Let’s examine the structure and summary statistics of our variables of interest:

# Get summary statistics for diameter and mass
peanut_df %>% 
  select(diameter, mass) %>%
  skim() %>%
  select(-complete_rate, -n_missing)
Data summary
Name Piped data
Number of rows 153
Number of columns 2
_______________________
Column type frequency:
numeric 2
________________________
Group variables None

Variable type: numeric

skim_variable mean sd p0 p25 p50 p75 p100 hist
diameter 14.77 0.98 12.45 14.13 14.69 15.47 17.88 ▂▇▇▃▁
mass 2.60 0.34 1.93 2.36 2.58 2.81 3.62 ▃▇▆▃▁

Exploratory Visualization

Scatter Plot with Correlation Ellipse

# Create scatter plot with correlation ellipse
correlation_plot <- peanut_df %>%
  ggplot(aes(x = diameter, y = mass)) +
  geom_point(alpha = 0.6, size = 2, color = "steelblue") +
  stat_ellipse(color = "red", linewidth = 1.2) +
  labs(
    title = "Relationship Between M&M Diameter and Mass",
    x = "Diameter (mm)",
    y = "Mass (grams)"
  ) +
  theme_minimal() +
  theme(
    plot.title = element_text(hjust = 0.5, face = "bold")
  )

correlation_plot

Interpreting Scatter Plots with Ellipses

The correlation ellipse shows the general pattern of the relationship:

  • Narrow ellipse: Strong correlation
  • Wide ellipse: Weak correlation
  • Positive slope: Positive correlation
  • Negative slope: Negative correlation

Correlation Analysis Assumptions

Before conducting correlation analysis, we must verify that our data meets the required assumptions:

Assumptions of Pearson Correlation

  1. Linearity: The relationship between variables is linear
  2. Bivariate normality: Both variables are normally distributed
  3. Independence: Observations are independent of each other
Independence Assumption

Independence is primarily a design issue.
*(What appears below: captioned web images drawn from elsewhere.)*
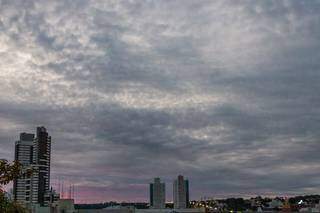 Campo Grande amanheceu com céu tomado por nuvens nesta terça-feira (Foto: Henrique Kawaminami)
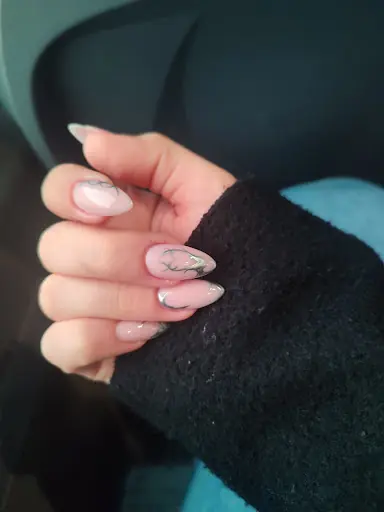 İlayda uğur beauty studio 4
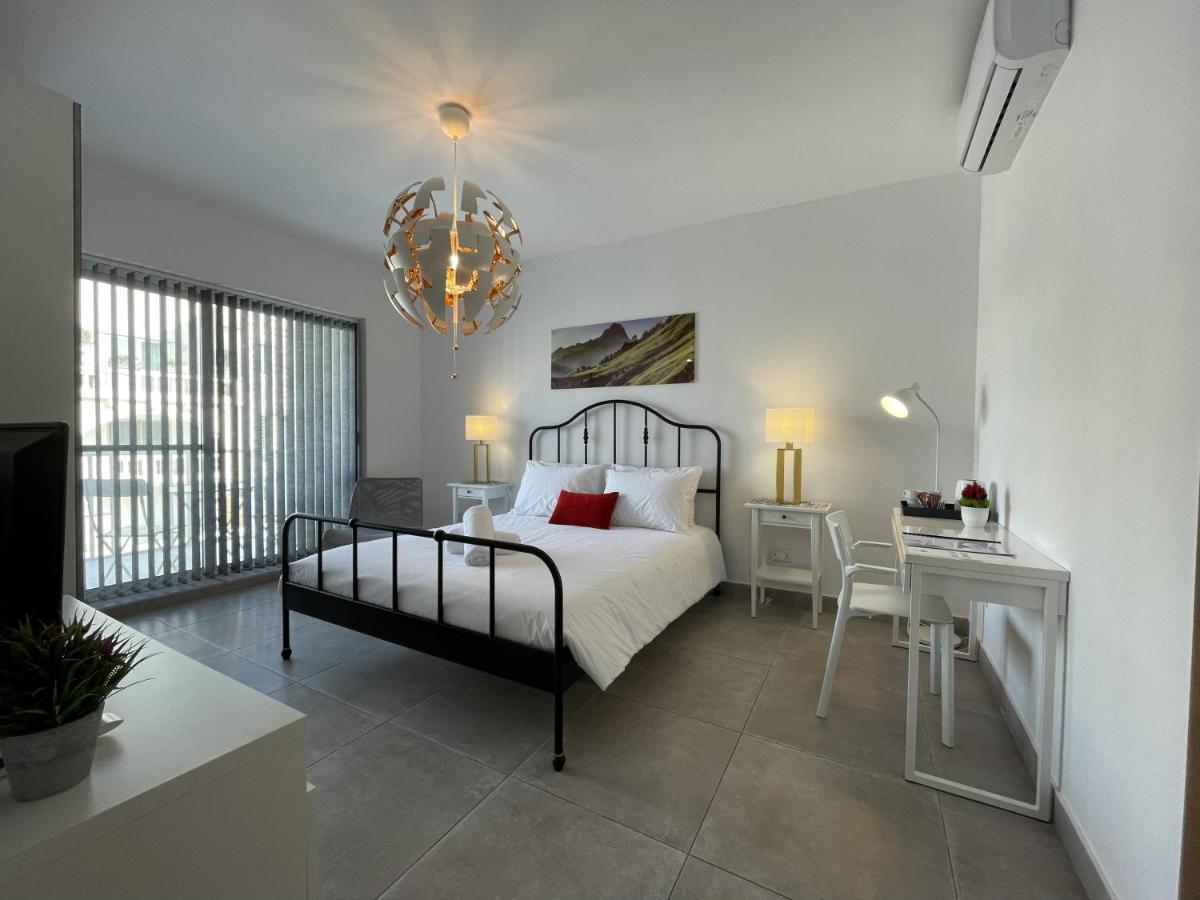 Casa Leon Malta Hotel Saint Julian's Екстериор снимка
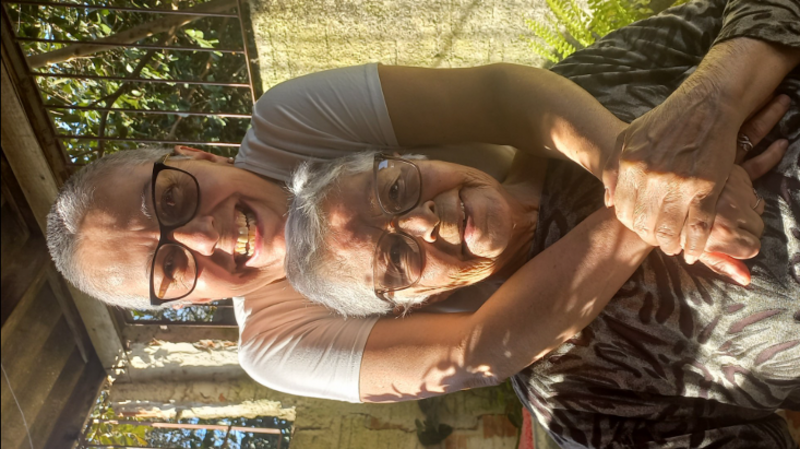 Ajuda para reconstruir as casas da Liége e Tereza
We assume that each M&M was measured independently and that the diameter of one M&M does not influence another.

Testing Normality Assumptions

Visual Assessment with Q-Q Plots

# Create Q-Q plots for both variables
par(mfrow = c(1, 2))

# Q-Q plot for diameter
qqnorm(peanut_df$diameter, main = "Q-Q Plot: Diameter")
qqline(peanut_df$diameter)

# Q-Q plot for mass
qqnorm(peanut_df$mass, main = "Q-Q Plot: Mass")
qqline(peanut_df$mass)

Formal Tests for Normality

# Shapiro-Wilk test for diameter
shapiro.test(peanut_df$diameter)

    Shapiro-Wilk normality test

data:  peanut_df$diameter
W = 0.99025, p-value = 0.3725
# Shapiro-Wilk test for mass
shapiro.test(peanut_df$mass)

    Shapiro-Wilk normality test

data:  peanut_df$mass
W = 0.9844, p-value = 0.08203
Interpreting Normality Tests

Q-Q Plots: Points should follow the diagonal line closely

Shapiro-Wilk Test: - Null hypothesis: Data are normally distributed - p > 0.05: Fail to reject null hypothesis (data appear normal) - p ≤ 0.05: Reject null hypothesis (data not normal)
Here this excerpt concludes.